“Travis is supervising the construction now,” Clive said, shortly after arriving at the cloud house with Gary. They joined the rest of their teams, minus Jason, in getting ready to head for the Adventure Society. Farrah, Gary and Rufus would be joining with Jason’s team for the operation, with only Jason sitting out at Dawn’s insistence. Jason had modified the cloud house to have a locker room with separation screens, allowing the men and women to change privately while still talking.
“The actual construction is being done by high-ranking artificers,” Gary said. “That kind of delicate precision work is outside of my field. All I could offer was what was and wasn't possible in terms of manufacturing with artifice techniques. I don't even understand a lot of what he needed, and he said it didn't even take magic normally.”
“The principles involved were extremely tricky,” Clive agreed. “This whole field of magic-like effects with no magic is fascinating, but I get the feeling that Knowledge is going to be very careful about how it’s introduced to our world. She wouldn’t let Jason do it at all.”
“Even on Jason’s world,” Farrah said, “that kind of expertise requires no less extensive and specialist training than magical study does here.”
“Where is Jason?” Clive asked. He had put on his combat robes and was sliding wands into the thigh holsters. His growth-item staff was slung on his back, held in place by a small circular item set into his robe. It allowed the staff to be grabbed or replaced easily, holding it like a magnet.
“Downstairs in the waterfall room,” Farrah said. “He doesn’t like us all going out like this without him.”
“Are you sure he hasn’t snuck off?” Rufus asked. Farrah shook her head.
“He knows that it’s too easy for the Builder to kill him off in a battle like this where both sides are deploying diamond-rank combatants,” she said. “I know that isn’t the kind of thing that tends to stop Jason, but Dawn stuck her neck out for him here. He’s not going to betray the one thing she asked in return.”
“He won’t be idle,” Humphrey said. “Monsters won’t stop coming just because most of the adventurers are heading off for battle. Those that aren’t participating will have their hands full.”

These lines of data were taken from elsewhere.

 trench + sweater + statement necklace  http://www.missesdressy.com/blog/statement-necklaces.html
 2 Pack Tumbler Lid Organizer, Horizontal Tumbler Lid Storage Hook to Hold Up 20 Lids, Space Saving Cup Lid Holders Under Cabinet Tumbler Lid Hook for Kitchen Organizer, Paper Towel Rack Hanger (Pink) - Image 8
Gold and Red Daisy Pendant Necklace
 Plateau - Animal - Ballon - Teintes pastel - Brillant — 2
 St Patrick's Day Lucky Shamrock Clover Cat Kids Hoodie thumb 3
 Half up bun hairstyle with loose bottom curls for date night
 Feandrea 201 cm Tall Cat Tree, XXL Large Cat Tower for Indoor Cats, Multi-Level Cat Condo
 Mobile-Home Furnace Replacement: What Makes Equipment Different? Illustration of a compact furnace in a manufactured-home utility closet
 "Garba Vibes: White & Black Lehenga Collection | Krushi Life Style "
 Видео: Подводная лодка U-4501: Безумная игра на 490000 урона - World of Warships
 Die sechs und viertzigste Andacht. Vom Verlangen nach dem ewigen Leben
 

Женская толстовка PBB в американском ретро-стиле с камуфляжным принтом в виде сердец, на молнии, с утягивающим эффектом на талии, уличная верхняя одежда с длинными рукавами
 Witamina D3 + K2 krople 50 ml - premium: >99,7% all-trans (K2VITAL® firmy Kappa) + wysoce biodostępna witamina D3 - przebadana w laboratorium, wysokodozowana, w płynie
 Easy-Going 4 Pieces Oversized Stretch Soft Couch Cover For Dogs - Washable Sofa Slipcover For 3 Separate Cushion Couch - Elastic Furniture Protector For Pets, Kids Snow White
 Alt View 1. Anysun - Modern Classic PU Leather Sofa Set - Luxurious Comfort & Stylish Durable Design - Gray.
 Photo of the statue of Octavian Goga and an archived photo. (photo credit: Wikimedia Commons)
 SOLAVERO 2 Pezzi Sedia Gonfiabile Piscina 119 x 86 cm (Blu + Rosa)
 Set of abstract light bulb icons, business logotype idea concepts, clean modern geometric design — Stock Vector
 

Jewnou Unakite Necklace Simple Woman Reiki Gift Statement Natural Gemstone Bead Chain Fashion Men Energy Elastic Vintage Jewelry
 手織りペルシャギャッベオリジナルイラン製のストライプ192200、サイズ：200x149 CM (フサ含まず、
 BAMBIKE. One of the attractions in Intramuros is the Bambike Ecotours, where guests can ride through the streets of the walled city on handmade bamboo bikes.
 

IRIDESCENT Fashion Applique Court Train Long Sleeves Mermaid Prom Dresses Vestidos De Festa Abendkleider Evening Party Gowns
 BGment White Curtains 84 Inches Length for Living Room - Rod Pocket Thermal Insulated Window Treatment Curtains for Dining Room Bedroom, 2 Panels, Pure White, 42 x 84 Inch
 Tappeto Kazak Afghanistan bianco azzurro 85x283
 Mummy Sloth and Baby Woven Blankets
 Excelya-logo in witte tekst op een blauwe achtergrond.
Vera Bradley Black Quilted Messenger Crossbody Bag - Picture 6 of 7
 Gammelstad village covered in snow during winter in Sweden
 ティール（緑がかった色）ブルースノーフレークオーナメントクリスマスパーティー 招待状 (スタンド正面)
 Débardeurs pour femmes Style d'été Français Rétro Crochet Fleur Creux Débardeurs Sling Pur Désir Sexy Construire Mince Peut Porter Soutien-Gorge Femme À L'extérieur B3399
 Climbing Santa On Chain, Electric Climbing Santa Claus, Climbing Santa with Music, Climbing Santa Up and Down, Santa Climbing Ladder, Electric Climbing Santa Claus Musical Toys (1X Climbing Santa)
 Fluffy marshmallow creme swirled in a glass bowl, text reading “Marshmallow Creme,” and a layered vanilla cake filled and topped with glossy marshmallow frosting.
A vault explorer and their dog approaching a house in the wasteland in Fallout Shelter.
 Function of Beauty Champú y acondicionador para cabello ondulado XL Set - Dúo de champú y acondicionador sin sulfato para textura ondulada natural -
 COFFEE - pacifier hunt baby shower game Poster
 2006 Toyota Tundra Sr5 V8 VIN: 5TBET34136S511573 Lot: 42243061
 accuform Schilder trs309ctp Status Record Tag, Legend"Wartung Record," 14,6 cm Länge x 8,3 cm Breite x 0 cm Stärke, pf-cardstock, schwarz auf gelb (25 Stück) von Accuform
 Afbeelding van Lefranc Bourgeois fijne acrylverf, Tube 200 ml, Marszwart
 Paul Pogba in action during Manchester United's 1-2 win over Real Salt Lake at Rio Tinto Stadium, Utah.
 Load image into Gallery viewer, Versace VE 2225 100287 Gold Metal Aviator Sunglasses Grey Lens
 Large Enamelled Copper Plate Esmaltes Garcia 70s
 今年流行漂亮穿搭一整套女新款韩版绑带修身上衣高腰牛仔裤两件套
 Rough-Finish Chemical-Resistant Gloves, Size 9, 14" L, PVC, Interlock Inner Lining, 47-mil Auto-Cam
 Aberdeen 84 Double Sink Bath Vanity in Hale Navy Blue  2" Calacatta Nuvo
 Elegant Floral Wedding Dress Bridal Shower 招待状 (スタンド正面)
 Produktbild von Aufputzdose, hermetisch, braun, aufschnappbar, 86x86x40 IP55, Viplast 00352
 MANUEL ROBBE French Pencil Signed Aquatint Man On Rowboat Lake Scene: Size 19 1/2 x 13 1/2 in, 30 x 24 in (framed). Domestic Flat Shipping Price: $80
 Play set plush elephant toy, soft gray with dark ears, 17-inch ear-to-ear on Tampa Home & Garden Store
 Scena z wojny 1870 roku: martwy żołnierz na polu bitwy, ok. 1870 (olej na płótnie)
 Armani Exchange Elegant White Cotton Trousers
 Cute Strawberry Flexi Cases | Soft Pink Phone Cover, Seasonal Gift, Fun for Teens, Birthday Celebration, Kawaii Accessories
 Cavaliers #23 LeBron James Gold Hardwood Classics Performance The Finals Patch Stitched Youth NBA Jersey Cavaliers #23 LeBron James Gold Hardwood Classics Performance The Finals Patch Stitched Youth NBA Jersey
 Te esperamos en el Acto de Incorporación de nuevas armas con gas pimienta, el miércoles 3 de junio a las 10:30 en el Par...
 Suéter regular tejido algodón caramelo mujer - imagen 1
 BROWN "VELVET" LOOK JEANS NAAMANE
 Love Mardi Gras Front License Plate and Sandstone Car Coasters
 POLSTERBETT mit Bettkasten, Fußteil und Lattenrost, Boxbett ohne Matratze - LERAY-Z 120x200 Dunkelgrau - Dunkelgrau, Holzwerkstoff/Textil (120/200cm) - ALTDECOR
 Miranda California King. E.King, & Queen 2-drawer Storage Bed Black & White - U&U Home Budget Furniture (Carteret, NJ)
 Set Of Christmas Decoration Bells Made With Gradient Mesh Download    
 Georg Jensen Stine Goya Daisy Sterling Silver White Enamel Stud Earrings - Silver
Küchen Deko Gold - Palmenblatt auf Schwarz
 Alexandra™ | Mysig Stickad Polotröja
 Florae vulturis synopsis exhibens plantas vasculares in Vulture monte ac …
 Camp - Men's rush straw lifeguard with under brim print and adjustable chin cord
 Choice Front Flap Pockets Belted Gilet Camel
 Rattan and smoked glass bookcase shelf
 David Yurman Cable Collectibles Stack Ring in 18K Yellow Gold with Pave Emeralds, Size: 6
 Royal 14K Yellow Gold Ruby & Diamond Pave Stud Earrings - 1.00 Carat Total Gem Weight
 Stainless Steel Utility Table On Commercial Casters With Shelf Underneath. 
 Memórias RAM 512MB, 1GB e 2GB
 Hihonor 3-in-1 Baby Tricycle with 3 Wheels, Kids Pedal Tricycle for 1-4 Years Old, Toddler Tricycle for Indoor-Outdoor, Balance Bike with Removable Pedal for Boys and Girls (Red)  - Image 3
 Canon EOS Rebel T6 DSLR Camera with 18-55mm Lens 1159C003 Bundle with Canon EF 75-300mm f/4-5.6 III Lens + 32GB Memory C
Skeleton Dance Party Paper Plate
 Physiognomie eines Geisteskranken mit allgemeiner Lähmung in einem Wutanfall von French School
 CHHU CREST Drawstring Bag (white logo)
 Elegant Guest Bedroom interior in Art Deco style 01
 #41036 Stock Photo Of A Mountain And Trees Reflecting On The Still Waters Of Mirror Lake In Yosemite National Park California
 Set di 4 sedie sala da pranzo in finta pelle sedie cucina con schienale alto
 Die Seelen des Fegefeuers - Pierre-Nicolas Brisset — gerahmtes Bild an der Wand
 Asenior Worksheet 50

“I’m going to go let him know how it went with Travis,” Clive said, heading for the stairs.
“Not a lot of point,” Farrah said after Clive left. “With the connection Jason has to his cloud house, now, I’m fairly certain he can see and hear everything that happens in it.”
“He can WHAT?” Humphrey yelled.
“Oh, calm down,” Sophie told him.
The waterfall room was empty other than the boards on every wall that allowed Jason to write in the cloud-stuff like a chalkboard. The notes for Jason’s project were scrawled across them like the mad scribbling of a serial-killing wizard, although Jason wasn’t paying them any attention. He was standing at the cave entrance where the waterfall rushed past in its path down the cliff-face outside. The gap was the only part of the room’s natural stone not hidden behind walls, floor and ceiling.
He stood staring at the plummeting water, close enough to be splashed by it. The roar of the water was muffled as the cloud walls absorbed the sound instead of letting it reverberate through the room. Standing right in front of it, though, Jason got the full effect.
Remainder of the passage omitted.